In the past few years, several blockchain-based financial applications and protocols have emerged that aim to create a more open, trustworthy, and easily accessible financial system. 

This is where decentralized finance comes in. It is an alternative to traditional financial services. 

As you know, almost every aspect of lending, borrowing, and trading is controlled by banks and other regulatory bodies like the SEC or the Federal Reserve. These middlemen not only set the rules but also earn a percentage of every transaction as profit. 

“Decentralization” essentially means that no central body controls anything. Therefore, decentralized finance disempowers gatekeepers and middlemen while empowering consumers via peer-to-peer exchanges through a public blockchain. Let’s illustrate that with an example. 

Suppose you earn 1% interest on the money you’ve put in an online savings account. Your bank, in turn, lends that sum to another of its customers at an interest rate of, say, 2.15% and pockets the profit of 1.15%. Decentralized finance allows you to lend your money directly. While this can offer potentially higher interest rates, remember to factor in network transaction costs (gas fees) and the inherent volatility and smart contract risk to determine your true net return.

This article will help you understand what decentralized banking is all about, how businesses can leverage the ecosystem, and the risks involved.

TL;DR

  • Decentralized finance uses the blockchain technology that cryptocurrencies use to remove the need for third parties (banks) in financial transactions.
  • Decentralized finance lacks barriers to entry, and anyone with access to the public blockchain and open-source tools can build financial services and tools on the network.
  • The DeFi infrastructure for delivering financial products and services uses three key components; blockchain, smart contracts, and cryptocurrencies.

What is decentralized finance (DeFi)?

The idea behind DeFi is to decentralize financial activities and bring financial control to individuals. Essentially, it uses the blockchain technology that cryptocurrencies use to remove the need for third parties (banks) in financial transactions. This reduces transaction times and increases access to financial services.

Cutting out middlemen gives businesses easier access to loans, interest on deposits, and payments. Other financial services accessible through DeFi include insurance, crowdfunding, investments, trades, and asset management. 

Differences between decentralized finance and traditional finance

One of the biggest claims of the proponents of this novel form of finance is that it will eventually wipe out the role of middlemen (traditional financial institutions) in financial transactions.

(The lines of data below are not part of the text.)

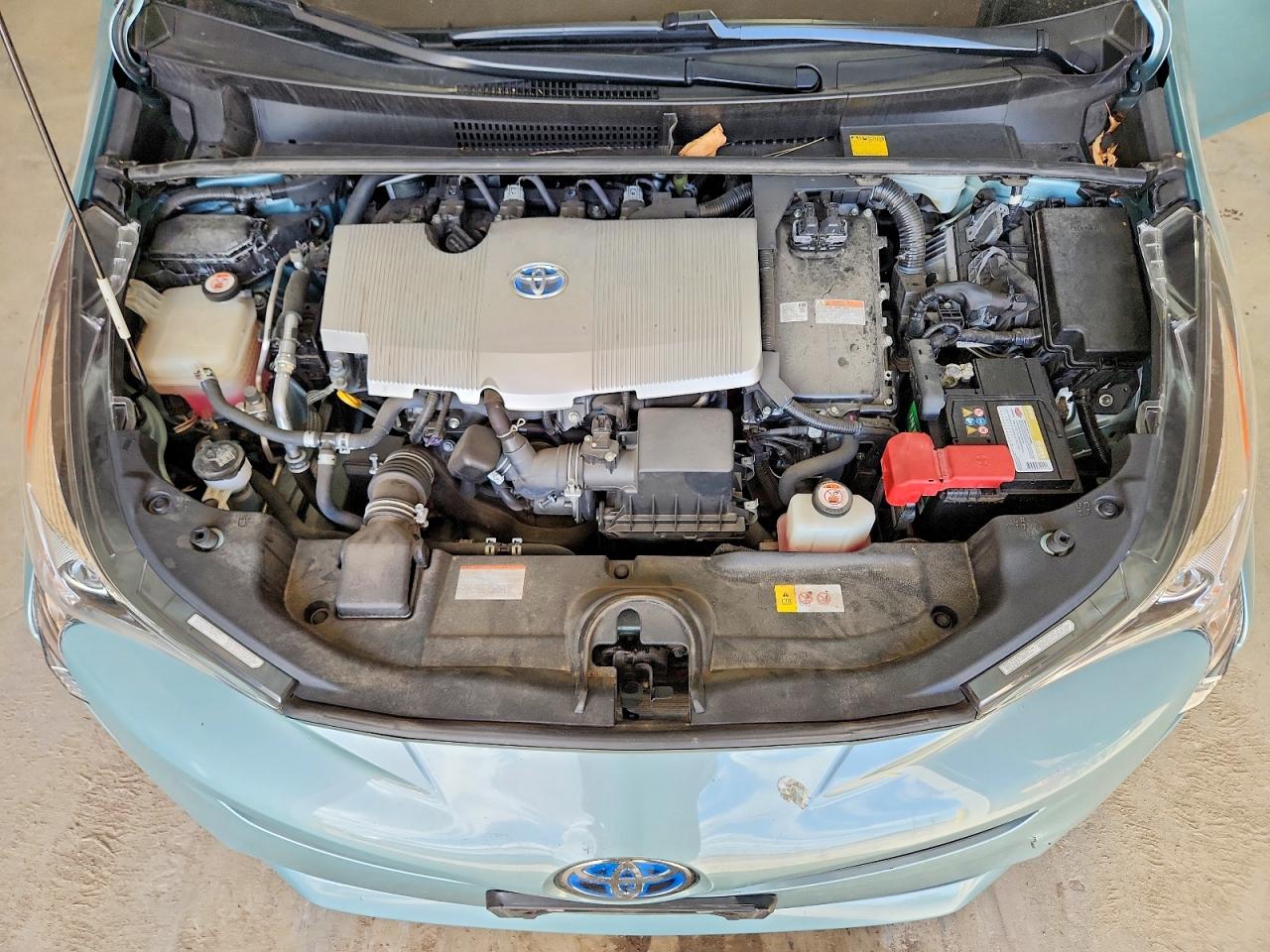 2016 TOYOTA PRIUS FOUR TOURING photo 21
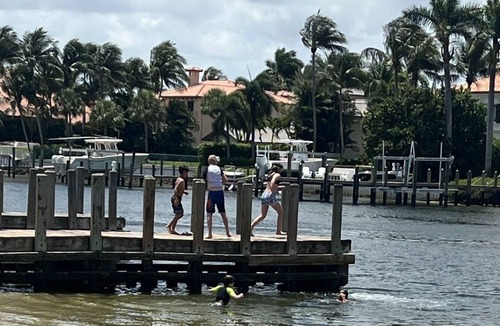 Juno Beach House | Windsor castle, Juno beach, close to water, park, shopping mall and major highwa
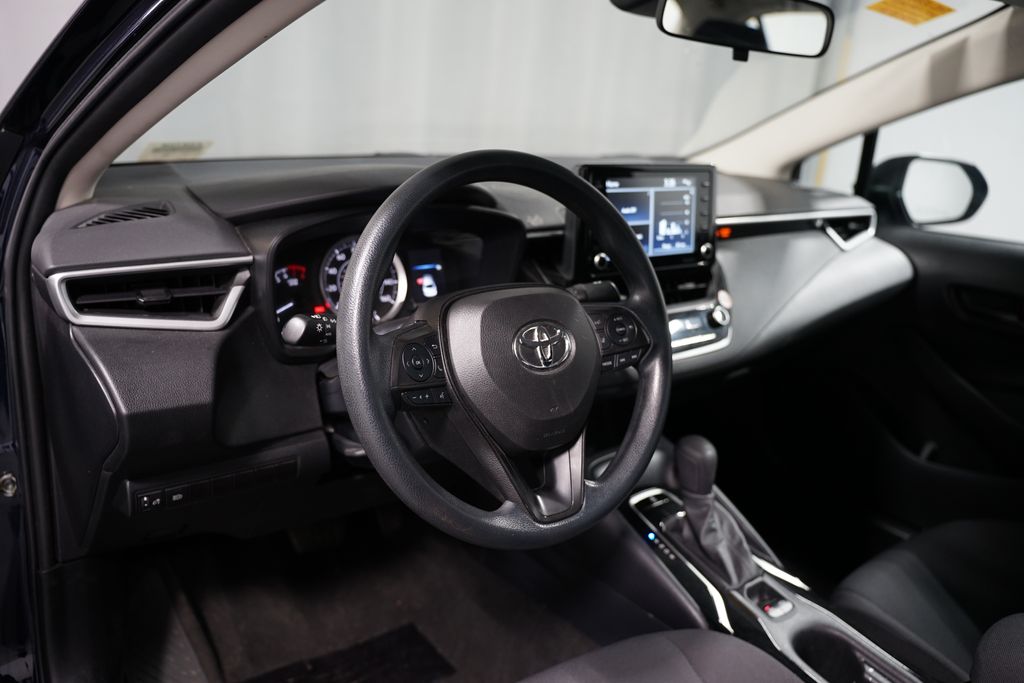 2022 Toyota Corolla LE 7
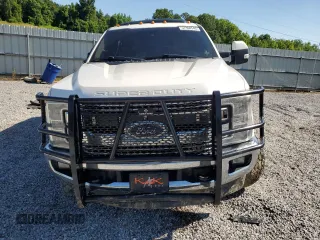 2017 Ford F-250 Lariat with VIN 1FT7W2BT8HEE81095, listed as a Copart auction lot 57960545 with 200,323 mi miles and Salvage title. Bid and sale history available at DreamBid. Image 5.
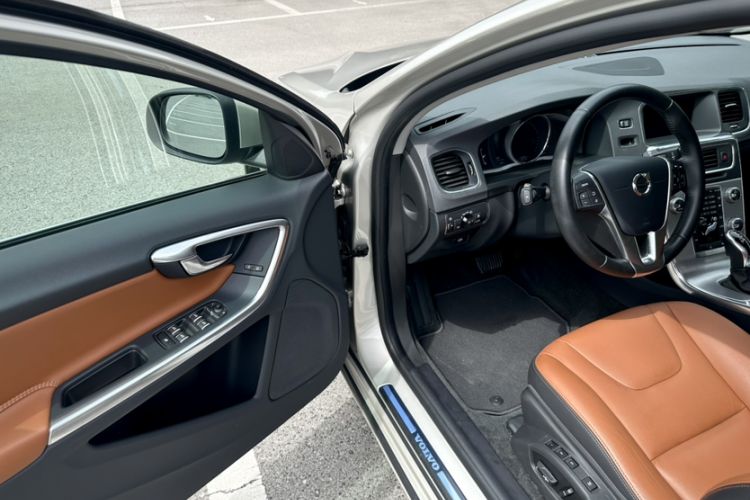 Used Volvo S60 2019 S60L Facelift T5 Intelligent Advanced Edition Interior 1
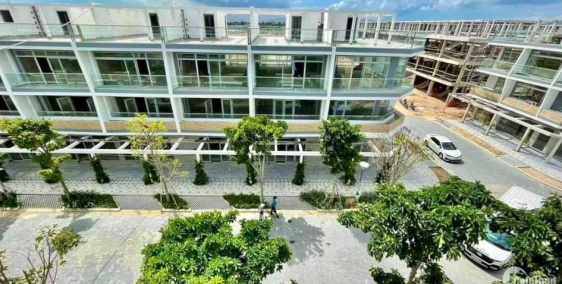 CƠ HỘI VÀNG KHI ĐẦU TƯ NHÀ PHỐ VEN BIỂN PHAN THIẾT CHỈ 1TỶ8 LỢI NHUẬN 950tr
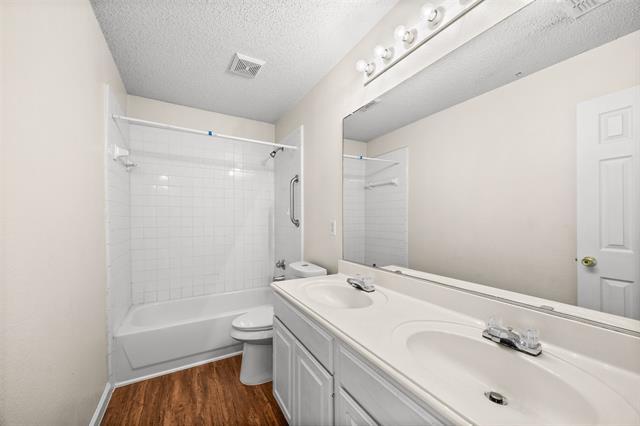 Building Photo - 2521 Creek Crossing Rd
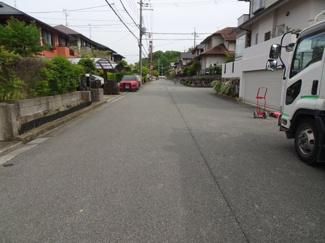 【前面道路含む現地写真】 | 川西市清和台西5丁目1の71　建築条件無土地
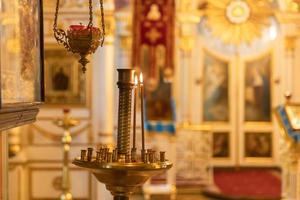 Orthodoxe Kirche. Christentum. festliche innendekoration mit brennenden kerzen und symbol in der traditionellen orthodoxen kirche am osterabend oder an weihnachten. Religion Glaube beten Symbol. foto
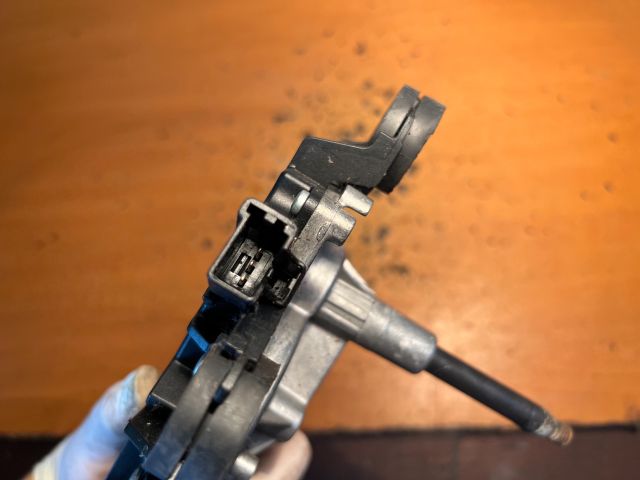 bontott FORD FOCUS II Hátsó Ablaktörlő Motor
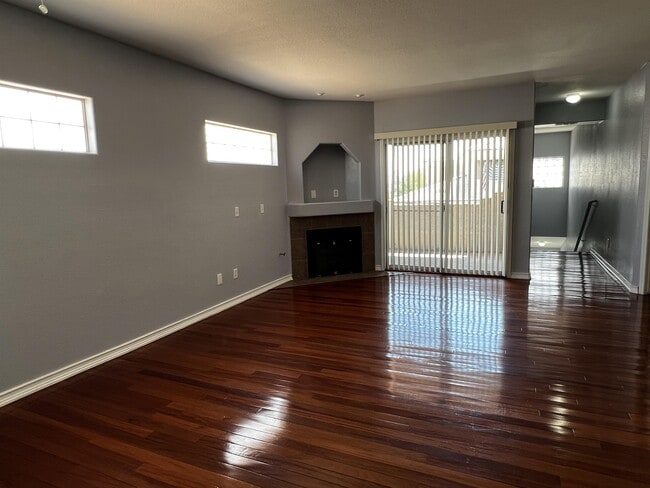 Building Photo - 6905 Cobre Azul Ave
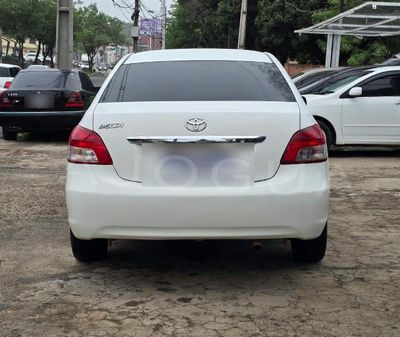 Toyota Belta miniatura 4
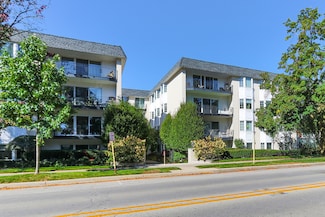 715 Ridge Rd Unit 2E, Wilmette, IL 60091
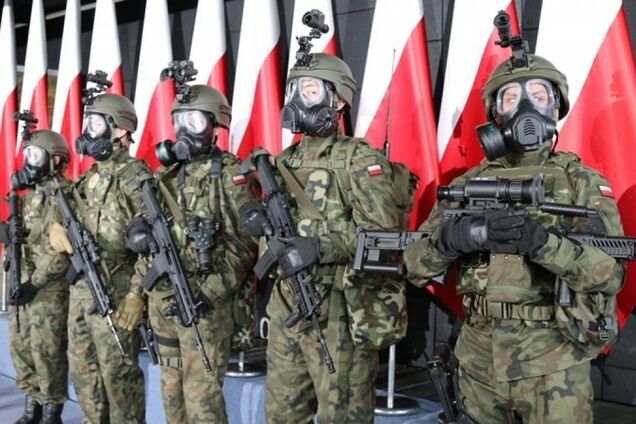 В Польше определились, отправят ли войска в Украину или нет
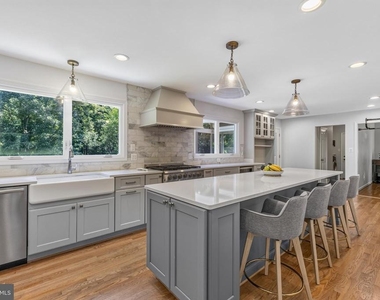 723 Forest Ridge Drive - Photo Thumbnail 5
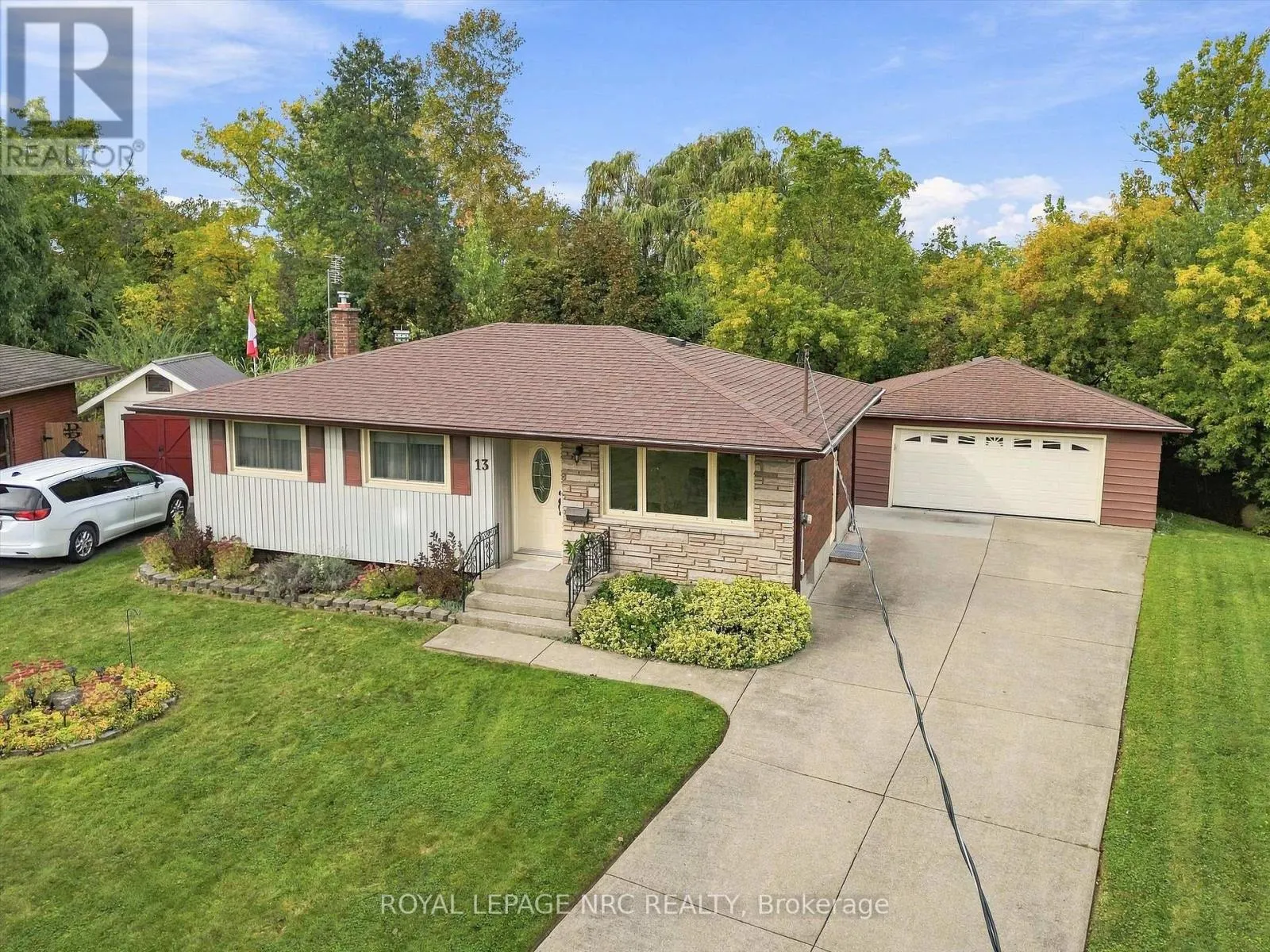 13 HARDWOOD GROVE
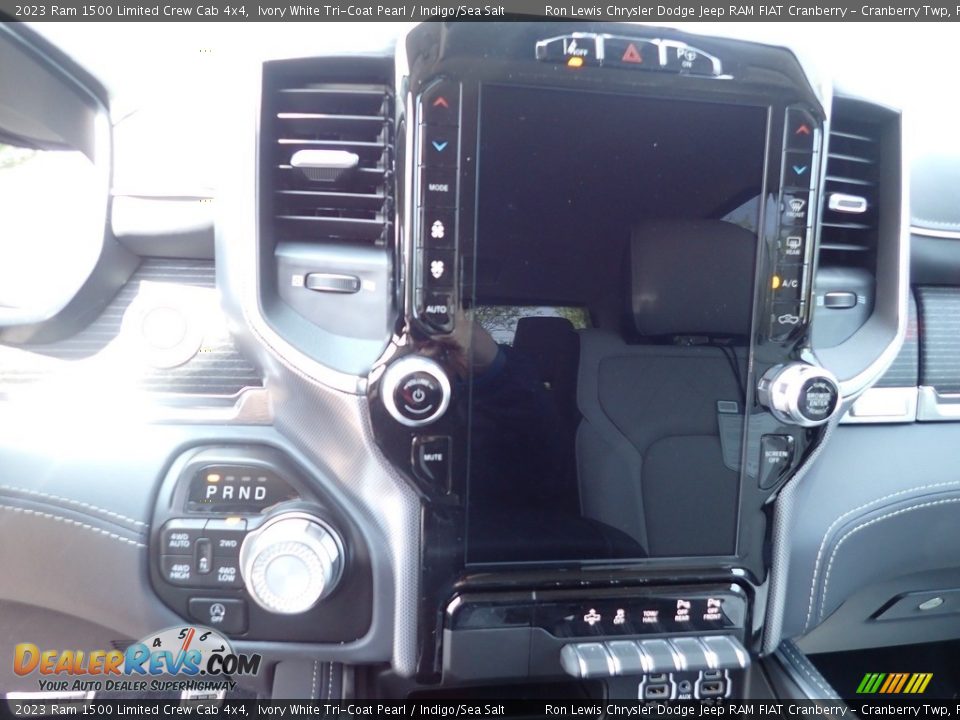2023 Ram 1500 Limited Crew Cab 4x4 Ivory White Tri-Coat Pearl / Indigo/Sea Salt Photo #17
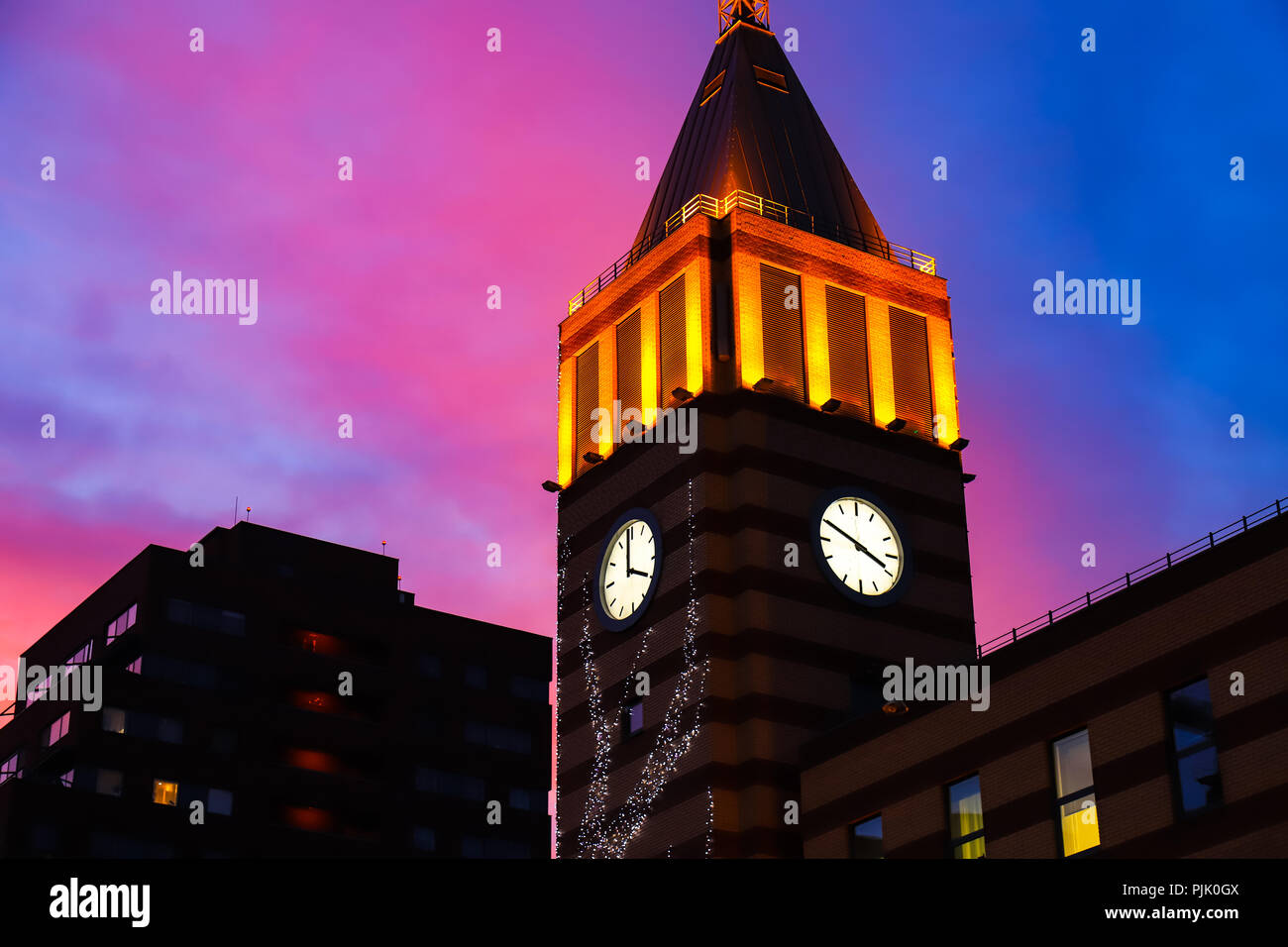 Vue de la tour de l'horloge dans le Dniepr ville sur l'arrière-plan d'un coucher de soleil pourpre de nuit (Dnipro Dnipropetrovsk, Dnipropetrovsk, Ukraine), Banque D'Images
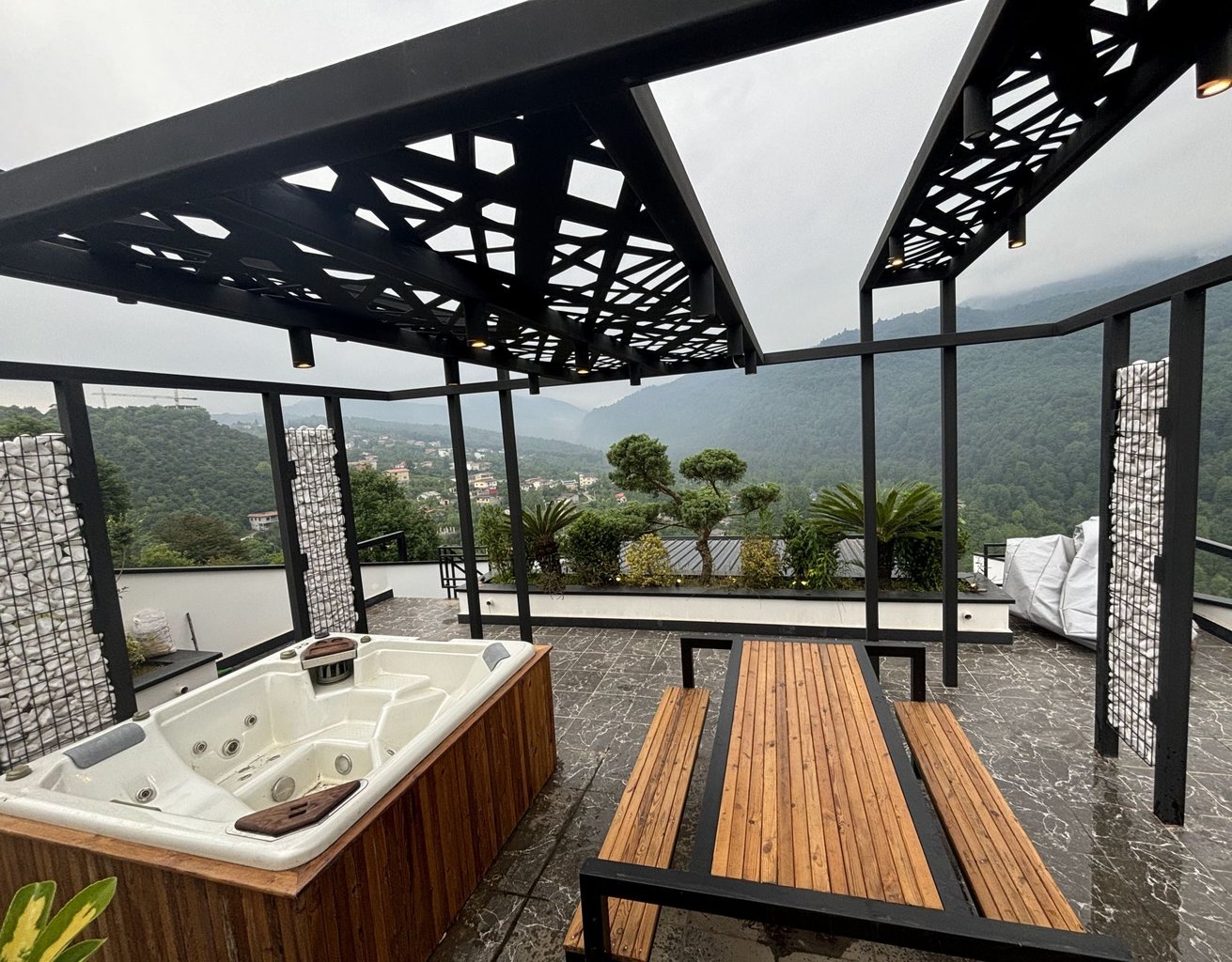 دوخوابه جنگلی استخردار آبگرم دینارسرا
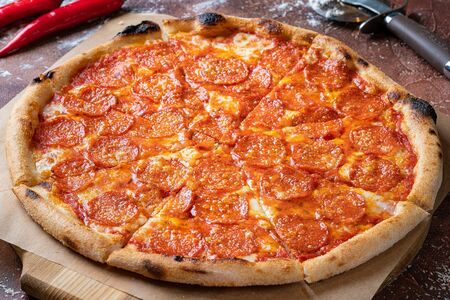 Пицца Салями Пиканте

To see if this lofty claim is feasible, it helps to understand how traditional finance differs from decentralized finance.

In centralized finance, almost every aspect of banking is managed by a raft of financial middlemen, regulatory agencies, and gatekeepers. You need to deal with each of these players to get access to everything from loans, insurance, payments, and even your own money. These entities facilitate the movement of money, and you must pay for their services. 

For example, say you use a debit or credit card to pay a contract worker. The charge will go from the payment processor to an acquiring bank, which will forward the transaction details to the credit card network.  The network will clear the charge and request payment from the acquiring bank. The bank approves the charge and sends the approval to the payment processor. Each of them—the bank, the payment processor, and the credit card network—will charge a fee for their services.

DeFi eliminates the middlemen and gatekeepers. With access to DeFi apps and a virtual wallet; you can lend, trade, and borrow from anywhere using DeFi systems and safety protocols without having to involve a bank.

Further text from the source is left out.